Hacker News new | ask | show | jobs
by darklajid 5290 days ago
That's a fascinating topic for me, for two reasons:

1) At the local Hebrew lessons I met a minister of the embassy of South Korea. He told me that Korean is a praised language all over the world (it was news to me - make of it what you want) for its simplicity and therefor speed for typists. He elaborated and said that both the layout (keyboard, I assume) would be very sensible and every 'character' is actually a combination of consonant-vowel-consonant and thereby simple (triplets, always) and carrying a lot of information. Since then I'd like to learn more about this idea and confirm or bust that claim.

2) Learning Hebrew is hard. A real quote from a coworker was "It's an easy language! We only have 22 letters, after all". Reduce your alphabet (alephbet?) from 26 to 22. Note that of these letters, 5 are only special versions of other letters and replace those in the last position of the word. Which leaves 17 letters for most words/the meat of the language. And most words are rather short (okay, okay.. I'm not comparing to German here, that would be pointless. Even compared to english it seems to be the same or shorter to me).

Bottom line: I still have a bet going that I can generate Hebrew line noise (following the rules of going with the 17 letters and adding the required sofit/end letter if required. Gibberish ending in נ would be 'fixed' to end in ן) and will hit word after word. On my list of possible weekend projects I have an entry 'Hebrew or not' to crowd-source this.

3 comments

"[Hebrew] only has 22 letters, after all. [...] Reduce your alphabet (alephbet?) from 26 to 22. Note that of these letters, 5 are only special versions of other letters and replace those in the last position of the word"

That's incorrect. All 22 letters are actually letters, the special versions of letters for the ends of words are not counted towards the full 22.

Also, I think Hebrew words tend to be shorter because they lack vowels. There are ways to add something similar to vowels to words, by adding pronunciation guides to each letter. These are usually not included in most Hebrew writing, but this trusts that the reader already knows how to pronounce the word.
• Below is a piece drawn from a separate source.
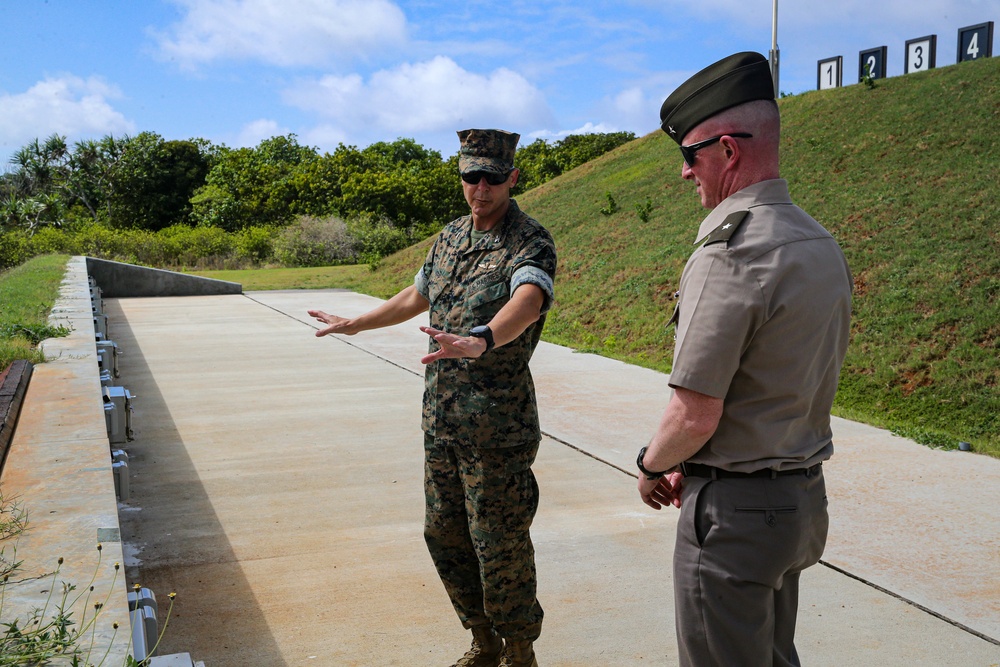 U.S. Army Corps of Engineers Visit MCB Camp Blaz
I'm not a linguist, so I'm not sure this vowel thing matters, but that's my guess as to why Hebrew words are shorter.

Ugh. Thanks for pointing out my counting mistakes. Mea culpa.
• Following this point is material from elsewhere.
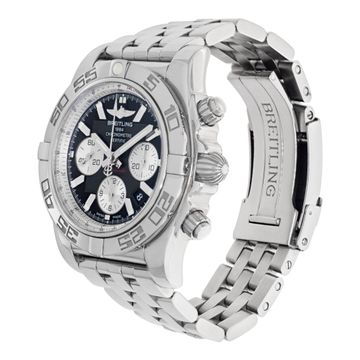 Breitling Chronomat AB0110 Stainless Steel Carbon Fiber dial 44mm Automatic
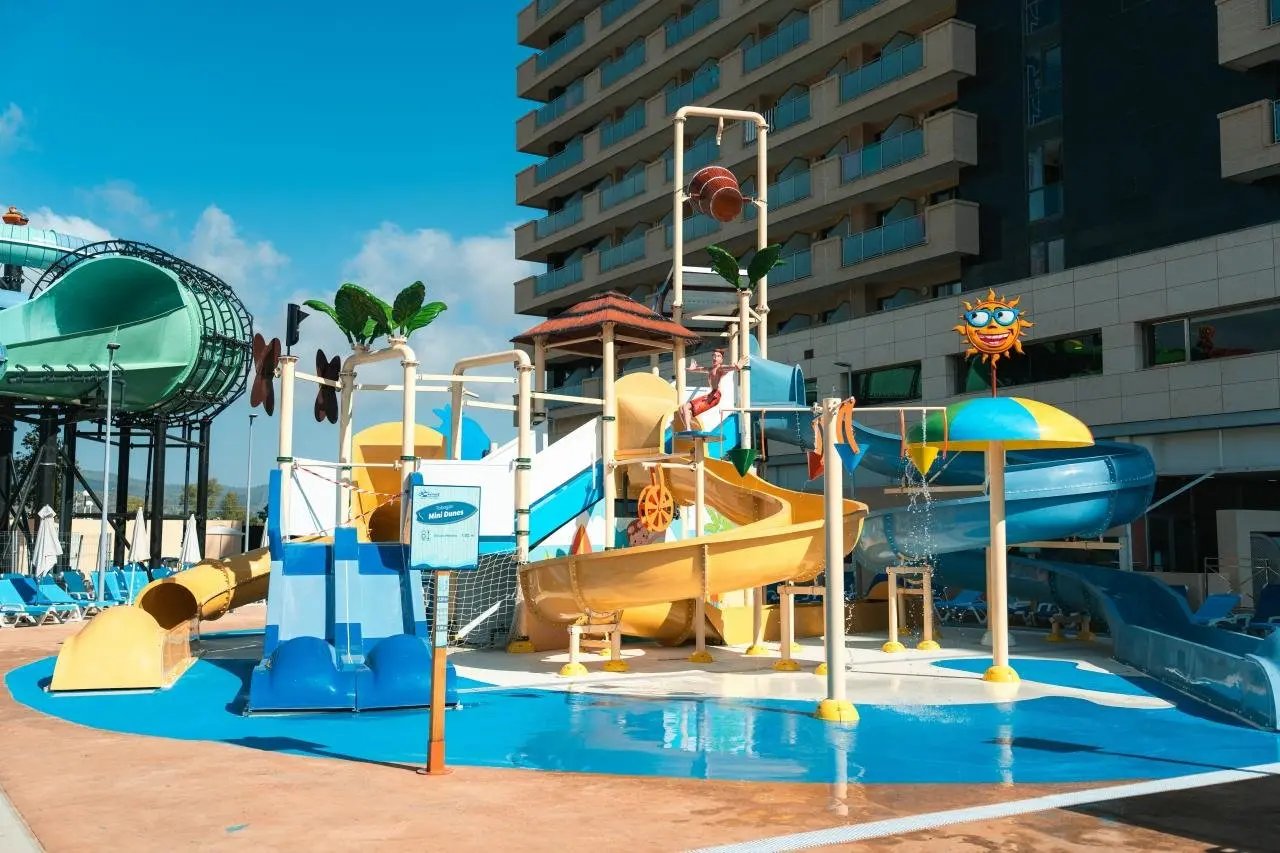 Atrakcje dla dzieci w hotelu Magic Sports (ex. Marina d'Or Gran Duque)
Vowels: You're right, of course. My bet originated during lunch talks. My intuition (in other words: more stupid mistakes ahead, maybe..) says that by leaving out the vowels and overloading letters (b or v? f or p? u, o or v? etc. pp.) the language loses a lot of error correction margin [1] and leads to more collisions/a denser field of 'actual words' [2].

1: That refers to the ability of taking western languages and removing all vowels there. Or stripping out random letters etc. I'm certainly _far_ _far_ from an adapt reader here, so I'm musing about things that interest me although I lack the required experience.
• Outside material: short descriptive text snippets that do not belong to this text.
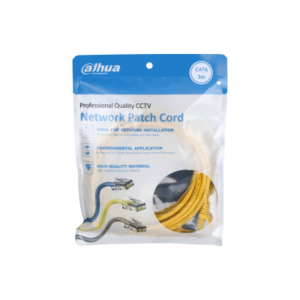 Dahua kabl zuti 3m CAT6 PFM972-6U-3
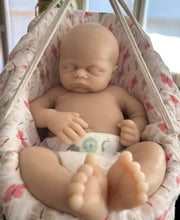 Load image into Gallery viewer, Custom Order Olivia by Bonnie Sieben Full Body Newborn Silicone Doll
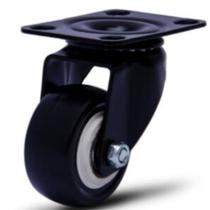 Rodízio giratório 1.5/8" PVC - GLPB.1.5/8.BP.E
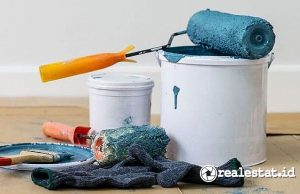 Cara Menghitung Kebutuhan Cat Dinding per M² agar Tidak Boros Bujet Cara Menghitung Kebutuhan Cat Dinding per M²-RealEstat.id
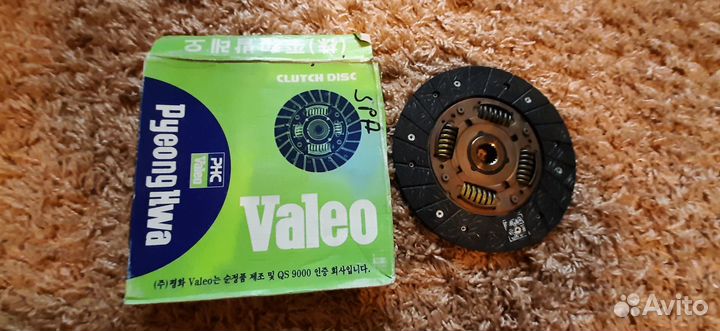Valeo vkd 19702 (clutch disc)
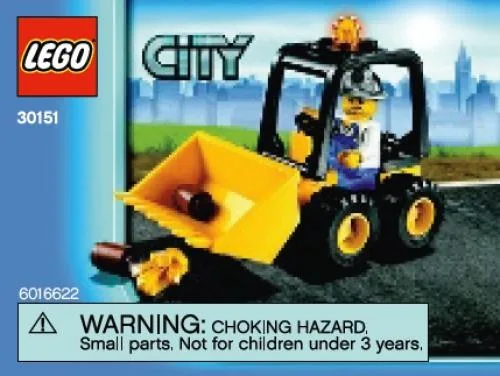 LEGO 30151-1 Mining Dozer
2: Which leads to my 'Hebrew or not' idea. My gut says that randomly pounding the keyboard results a lot more often in 'real words'.

Not bashing hebrew. I even like the script by now (in the beginning hand-written text looked especially random to me).

I hope a linguist will chime in here, it's an interesting subject and I'm wondering if my guesses on the vowel-less nature of Hebrew are correct.

I'm not sure how much this will change your "random pounding on keyboard" idea, but English has a much larger vocabulary than Hebrew.

P.S. I see you're in Israel now, hope you're enjoying your time in Tel Aviv.

Tel Aviv: My first winter wearing t-shirts. Cannot complain. :)

vowel-less: (I don't need to repeat the 'I suck at hebrew' disclaimer, right?) Kind of. From what I know:

There are no explicit letters for 'a', 'e'

You can represent an 'o' or an 'u' with a ו (otherwise used as consonant, 'v'). I know for a fact that words with 'o' can be written without a 'vowel' letter (לא for example: no). I don't know if 'u' is always represented as a letter of it's own.

'i' is often used as 'ij' or 'ji' and teams up with 'י = j' in that case. It can be represented without a letter just as well though.

Bottom line: Except for 'u' (no idea about that one? maybe just as well?) you can have all vowels 'hidden' in plain sight.

Would love to have someone from IL chime in here though and correct all my mistakes.

I'm from IL :) [1]

You're right about the י and ו replacing vowels much of the time. Inspired by this discussion, I went and read a little more about the history of Modern Hebrew, and stumbled on this page in Wikipedia: http://en.wikipedia.org/wiki/Ktiv_male

The idea of writing vowel-like signs into the letters is called Nikkud. But apparently, since most people don't write Nikkud, the Academy of the Hebrew Language wrote a set of rules explaining how to exchange Nikkud for letters that will serve as vowels. I had no idea it was so deliberate, but this explains why there are many words which people here write differently.

I still think there is more ambiguity in Hebrew. Or, as you put it, less "error correction margin". Even with "Ktiv Male".

[1] I lived abroad for a few years, so I wasn't in Israel from the 2nd grade to the 7th. This means I missed a lot of the "traditional" learning process of learning about the language, grammar, etc. So I'm a native Hebrew speaker, but I have some gaps in my knowledge about the correct way to do things, etc.

I learned a bit of Korean script and could touch type in it on a US keyboard. It's a fairly nice system, although there seems to be a fair bit of non-rational pride in it, too. Woe to anyone that points out any similarities to previous writing systems...

But it's not just triplets. You can have 2, 3, or 4 components per character (Wikipedia says 5, but I'm not sure how that works). The first component must be a consonant, but there's a null consonant too, allowing you to create syllables with just a vowel sound.

I don't see how the writing system itself helps typists. If words are shorter, that's a function of shorter words, not the writing system. A syllable still requires several keystrokes each.

That said, it's very simple to learn. I learned it in a week. But, I also learned the Japanese scripts (hiragana/katakana) in a week as well using James Heisig's awesome book[1]. So, perhaps learning alphabet scripts is just not an overly difficult task in general?

1: http://www.amazon.com/Remembering-Kana-Hiragana-James-Heisig...

From what I understand, the Korean written language was pretty much invented wholesale by one man (the king at the time, I believe). As such it's a lot better designed and internally consistent then other written languages (which accumulated naturally over time).

That said, while it may be easier to learn, I imagine people still read it at about the same speed they would read English or Chinese. I don't remember where but a while back I read an article saying that basically all spoken languages impart information at roughly the same rate (e.g. languages with higher information density are spoken slower, languages with lower information density are spoken faster). And from the OP's article it sounds like this applies to written languages as well.